The charges are the amount paid by a carrier for every minute of call or SMS that passes through the network of another.
At present, the access charge for SMS is 35 centavos per text and P4 per minute on voice calls between cellular networks with separate networks.
Based on current SMS rate, which is as low as 15 centavos per text within the respective networks of cellular firms and P1 for interconnecting carriers, the National Telecommunications Commission (NTC) is proposing that access charge should not be higher than 25 centavos per SMS on the first year of the effectivity of the proposed memorandum circular; a maximum of 20 centavos on the second year; and not higher than 15 centavos on the third year onward.
If this is implemented, NTC Director Edgardo Cabarios said a text message would cost only 50 centavos each on the first year; 30 centavos on the second year; and 20 centavos on the third year of implementation.
The retail price of SMS consists of the cost of the network sending the short message, the cost of the network receiving the text, and the cost of the interconnection facilities.
This proposal is meant to ensure that the cost of SMS is made even more affordable to the general public as SMS is widely used in day-to-day activities, the NTC said.
Further, the NTC directs cellular firms to ensure that their facilities are sufficient to guarantee that 99 percent of SMS sent are received by the addressees within 30 seconds from the time the text was sent.
Cellular firms handle about 800 million text messages daily.
For cellular voice calls, the interconnection charge between two separate networks shall not be higher than P2 per minute during the first year of the effectivity of the circular; not more than P1.50 on the second year; and a maximum of P1 on year three onward.
Interconnection rates to mobile-service operators in the Philippines remain one of the highest in the region, the NTC noted. In Thailand and Malaysia, the charges range from P1.36 to P1.70 per minute and P1.24 to P1.30 per minute, respectively.
Cabarios estimates that cellular voice calls will be reduced between P3 and P4 per minute on the first year; P2 per minute on the following year; and P1 per minute on the third year onward.

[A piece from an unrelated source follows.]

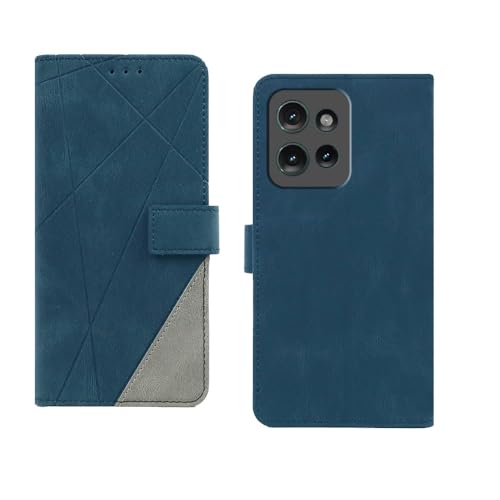 Image of amazon basics Moto Edge 50 5G Flip Cover | Card Pockets Wallet & Stand | Flip Cover for Moto Edge 50 5G (Blue with Grey)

Today a minute of cellular voice call rate is pegged at P6.50.
Mobile-phone interconnection rates were last adjusted in 2003.
“The country’s 85 million cellular-phone subscribers stand to gain from the [memorandum circular’s] thrust of reducing interconnection charges on voice call and SMS,” the NTC said.
A public hearing is scheduled on July 4.
During the Arroyo administration, the Department of Transportation and Communications (DOTC) had directed the NTC to reduce the interconnection charges to 15 centavos for SMS and to P1.50 for cellular voice calls.
But the plan was shelved on fears that the phone firms may remit lower taxes. The country’s major phone firms also rejected the plan.